The First Person Ever Hit by a Meteorite Has the Craziest Space Story Ever August 19, 2025, 10:01am
Ann Hodges wasn’t doing anything heroic when she made history. She was asleep on her couch in Sylacauga, Alabama, in 1954, when an 8.5-pound rock from space tore through her roof, ricocheted off her radio, and slammed into her hip. That was the moment she became the first documented human to be hit by a meteorite—and possibly the most reluctant celebrity of the atomic age.

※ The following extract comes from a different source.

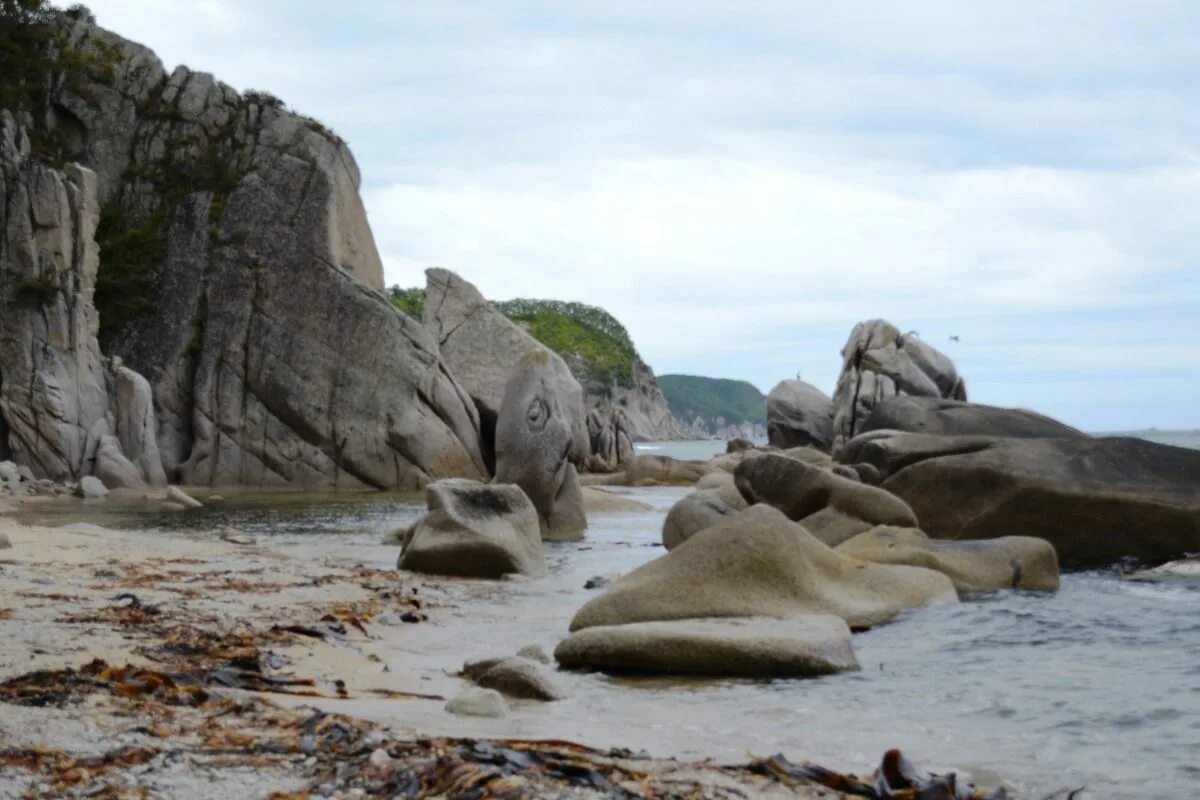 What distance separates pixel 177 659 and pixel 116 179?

Locals thought it was a plane crash. Some swore it was a bomb. The Air Force swooped in to make sure it wasn’t part of a UFO. It wasn’t. It was a 4.5-billion-year-old chunk of chondrite, probably from the asteroid 1685 Toro, which is roughly the size of Manhattan and has been circling us like a mildly menacing ex ever since.
First Human to Be Hit by a Meteorite Still Has the Wildest Space Story on Record Hodges got off easy, physically speaking. A grapefruit-sized bruise bloomed on her hip. But her quiet, simple life exploded. Neighbors swarmed her house. Reporters showed up. She got fan mail from schoolkids and church ladies. She was dragged onto I’ve Got a Secret and posed for photo shoots she hated.
“She was a very private person,” Mary Beth Prondzinski of the Alabama Museum of Natural History told Business Insider. “She didn’t like all the notoriety.” Her husband, Eugene, tried to cash in but couldn’t find a buyer. The landlord claimed the rock belonged to her, since it hit her roof. After a year of legal fighting, the landlord settled for $500. By then, Hodges was sick of all of it. She handed the meteorite over to the museum and asked only to be reimbursed for her lawyer.